Et jamais, par conséquent, la majorité présidentielle n'aura
été aussi problématique. A droite comme à gauche,
il faut s'attendre à des recompositions. Mais quel que soit le Président
élu, sa majorité sera des plus fragiles, et cette situation pourrait
bien être la source de tiraillements et de différends publics,
les inconvénients, précisément, que la réforme du
quinquennat avait pour objectif de faire disparaître.
Logique de la
présidentielle et rejet de la cohabitation
Cette situation est due tant à la logique de l'élection présidentielle,
qui se gagne au centre qu'au rejet massif, dans l'opinion, de la politique de
cohabitation menée depuis 20 ans. Leur intérêt immédiat
pousse Chirac et Jospin à jouer au centre et à se démarquer
de leur image de " gauche " ou de " droite ". mais ce faisant,
ils renforcent, chacun dans leur camp, le pôle des mécontents,
jusqu'au sein même de leur électorat privilégié.

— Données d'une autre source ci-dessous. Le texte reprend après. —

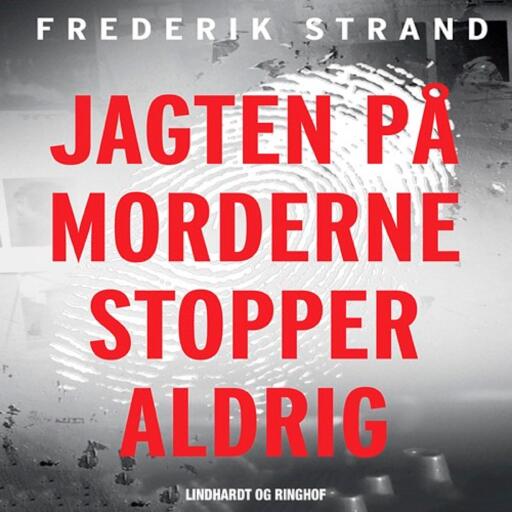 Jagten på morderne stopper aldrig – Genåbnede danske kriminalsager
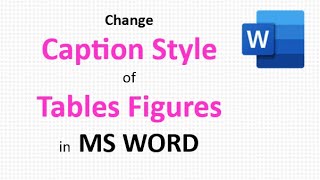 Change Style of Table and Figure Captions in MS WORD, तालिका और चित्र कैप्शन की शैली बदलें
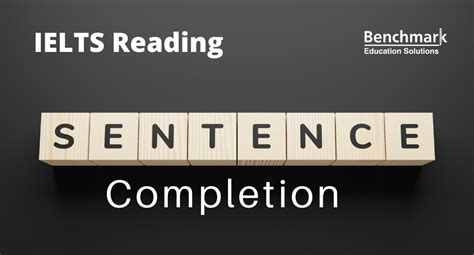 Ielts Reading Sentence Completion Guide With Practice Tips
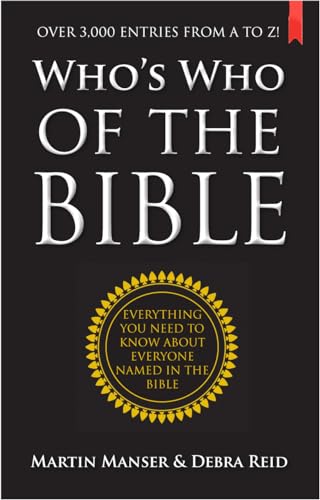 Stock image for Who's Who of the Bible : Everything You Need to Know about Everyone Named in the Bible for sale by Better World Books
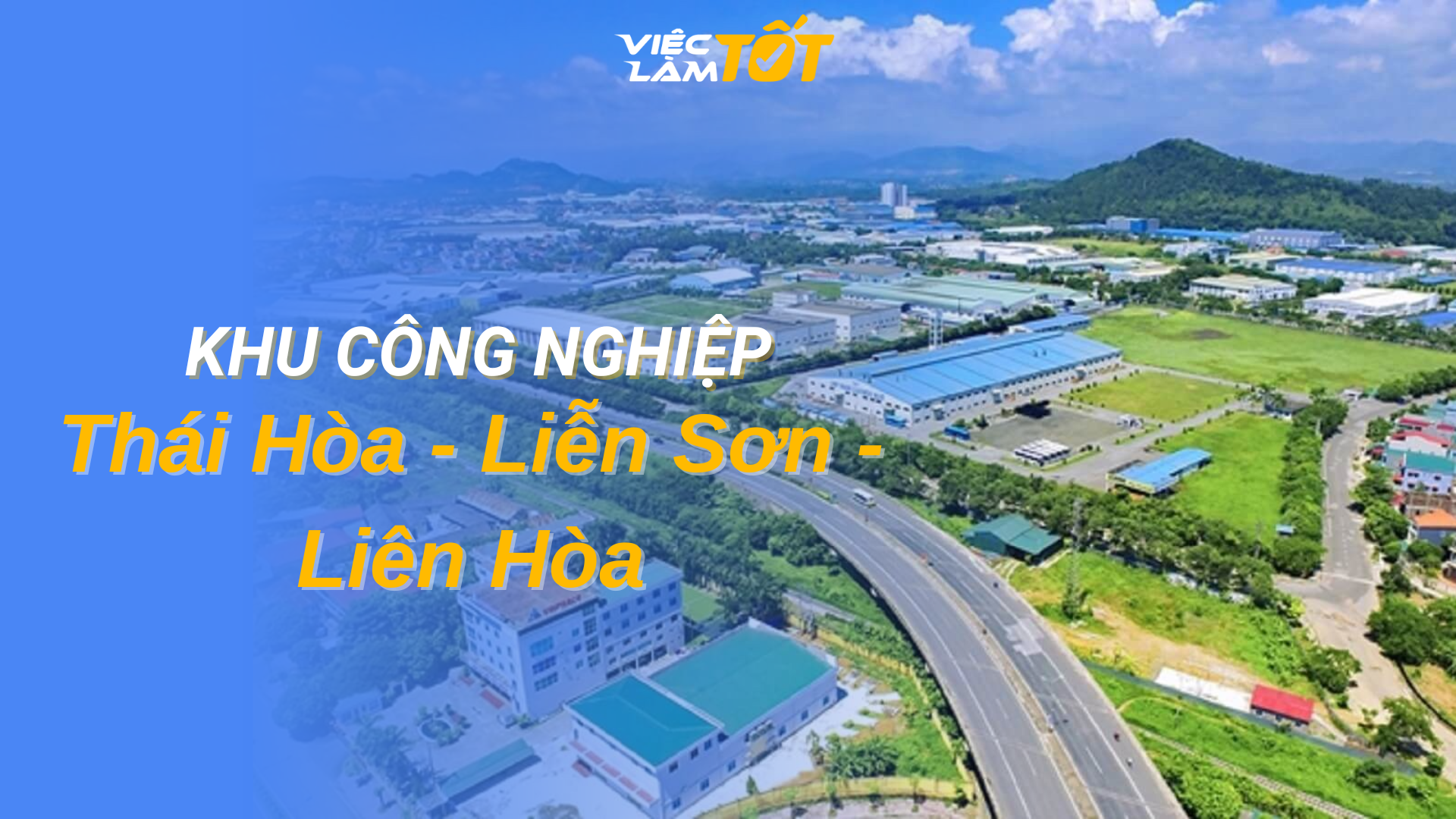 Tổng quan Khu công nghiệp Thái Hòa - Liễn Sơn - Liên Hòa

Bien entendu, le problème se pose de façon différente à
droite et à gauche. Ce n'est pas de son fait que l'extrême-droite
n'a pas pu, jusqu'ici, entrer dans une majorité gouvernementale et il
n'y a pas de fossé infranchissable entre elle et la droite. Les élections
des présidents de Conseil régional à la suite des élections
de 1998 l'ont amplement montré, de même que le nombre important
de transfuges passant de l'une à l'autre, en fonction de leurs appétits
de carriéristes.
L'extrême-gauche,
elle, ne participera pas à un gouvernement de la bourgeoisie, et à
10 %, elle représente un autre danger et annonce bien des difficultés
pour le futur pouvoir, quel qu'il soit. C'est pourquoi, ces derniers jours,
Jospin a gauchi son langage, il a repris l'habit de candidat socialiste, pour
tenter de contrer la poussée électorale du courant révolutionnaire,
en donnant des raisons à l'électorat traditionnel du PS et du
PC de voter pour les représentants de ces partis. Il est peu probable
qu'il réussisse à convaincre
d'autre chose que de son hypocrisie.
Vers la constitution
d'une droite musclée
Mais ce faisant, Jospin libère un espace plus important, au centre, à
son rival. Chirac peut adopter plus facilement la posture d'homme de droite,
mais d'une droite modérée, plutôt un centre droit qui se
défend de toute collusion avec le Medef. Tout en apparaissant un peu
différent de Jospin. Mais la logique de ce positionnement est de renforcer
le mécontentement dans l'électorat traditionnel de droite, pour
le plus grand bénéfice de l'extrême-droite.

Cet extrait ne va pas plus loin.